Sunday, January 12, 2014

Mary Ann M'Clintock (1795-1884)


Mary Ann Wilson (1800-1884) was born to Quaker parents. She married Thomas M’Clintock, a druggist and fellow Quaker, in 1820, and they lived in Philadelphia for 17 years. During that time Mary Ann gave birth to four daughters and a son.

She was recognized by her fellow Quakers as a minister and leader. By 1833 M’Clintock was a social activist when she, along with Lucretia Mott and others, became founding members of the Philadelphia Female Anti-Slavery Society.

In 1836 the family moved to Waterloo, NY, where they would join a network of Quaker abolitionists that included Richard and Jane Hunt and George and Margaret Pryor (Mary Ann’s half-sister). They lived in a house owned and built by Richard Hunt at 14 East Williams Street, and ran a drugstore and school in one of Hunt’s commercial buildings behind their house on Main Street in Waterloo.

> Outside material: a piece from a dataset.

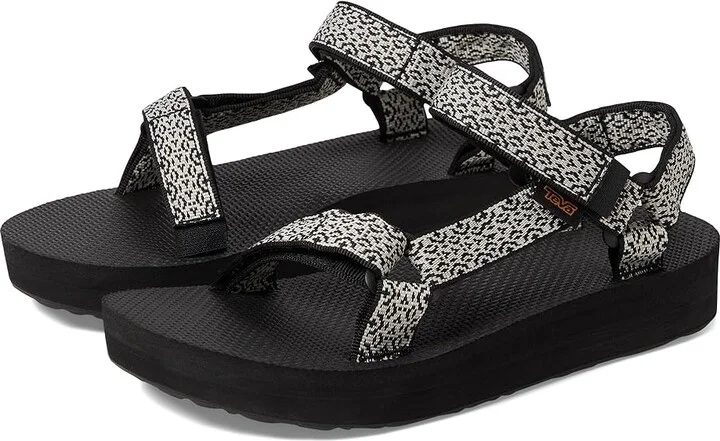 Boho White,black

In 1842, at an annual convention of the American Anti-Slavery Society held in Rochester, NY, Thomas and Mary Ann became founding members of the Western New York Anti-Slavery Society and helped write its constitution. They were joined by Frederick Douglass, Richard Hunt and Jane Hunt, Isaac and Amy Post, George and Margaret Pryor.

Mary Ann became an organizer of the First Woman’s Rights Convention when she joined a group of friends on 9 Jul 1848, in the front parlor of the Hunt residence. She hosted a second planning meeting at her own home on July 16, where she, Elizabeth Cady Stanton and possibly several others drafted the Declaration of Sentiments that was read, discussed and ratified in the Wesleyan Chapel.

While living in Waterloo, Mary Ann and Thomas M’Clintock became very active in the local Hicksite Quaker community, the Junius Monthly Meeting. In October of 1848 they led several hundred members of the Hicksite community to form the new Progressive Friends or Friends of Human Progress. Thomas and Mary Ann served as clerk and associate clerk at nearly every yearly meeting while they lived in Waterloo.